==== EXERCISE DATA

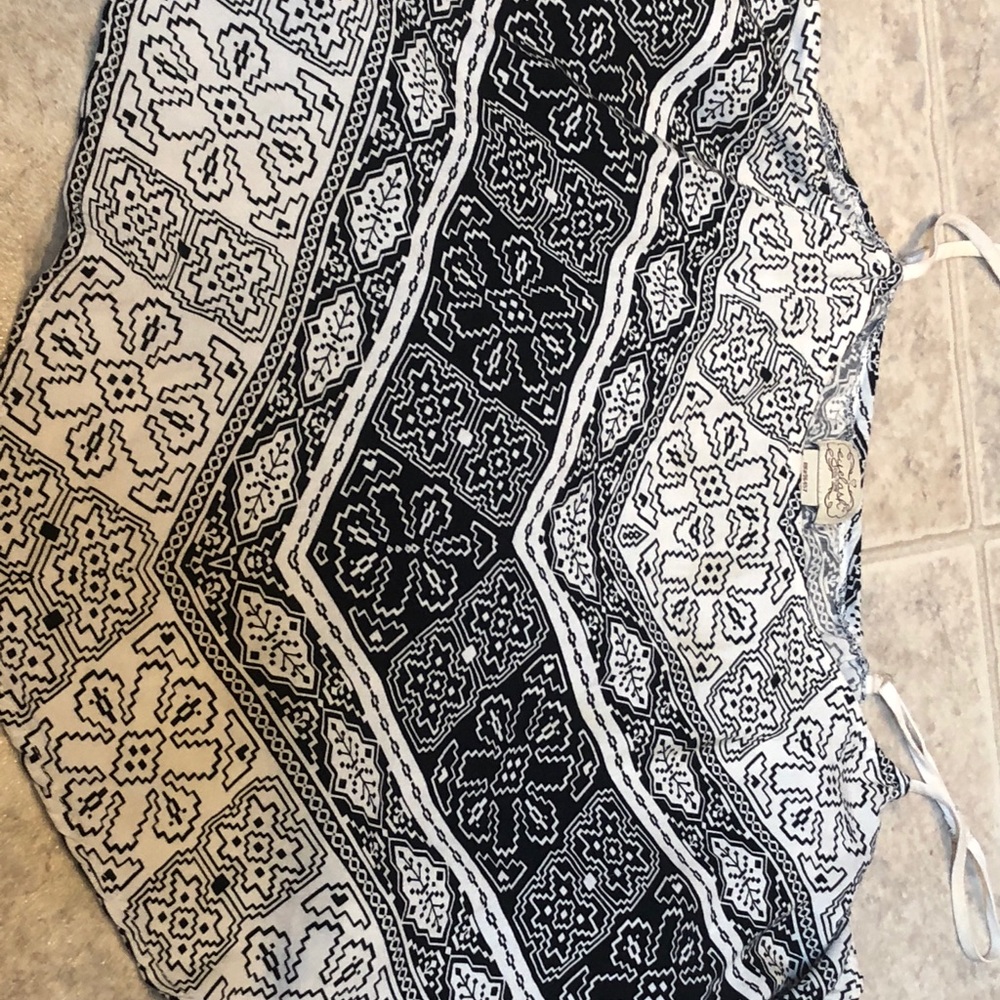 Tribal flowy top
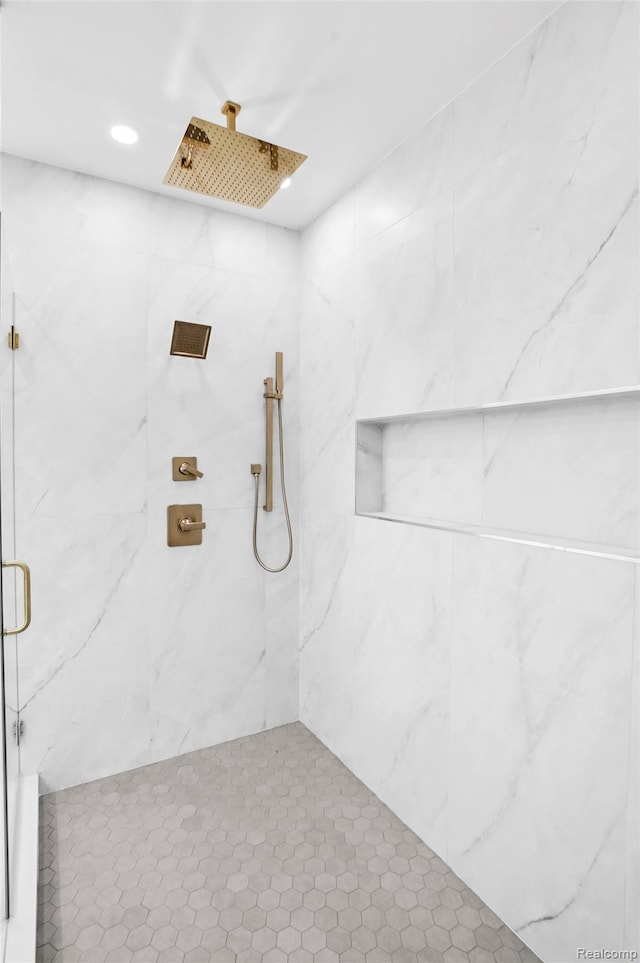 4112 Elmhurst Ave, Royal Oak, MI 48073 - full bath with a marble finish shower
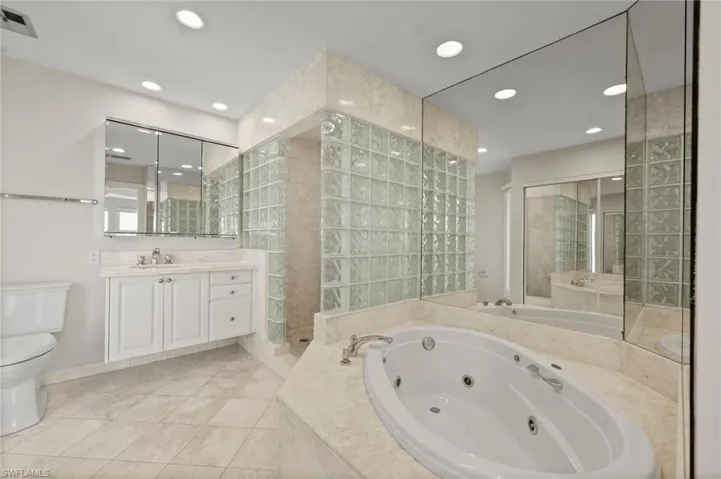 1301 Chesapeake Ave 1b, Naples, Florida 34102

========

TASK DIRECTIONS: Restate the data word for word without pictures.

SOLUTION TO THIS TASK:
 Tribal flowy top
 4112 Elmhurst Ave, Royal Oak, MI 48073 - full bath with a marble finish shower
 1301 Chesapeake Ave 1b, Naples, Florida 34102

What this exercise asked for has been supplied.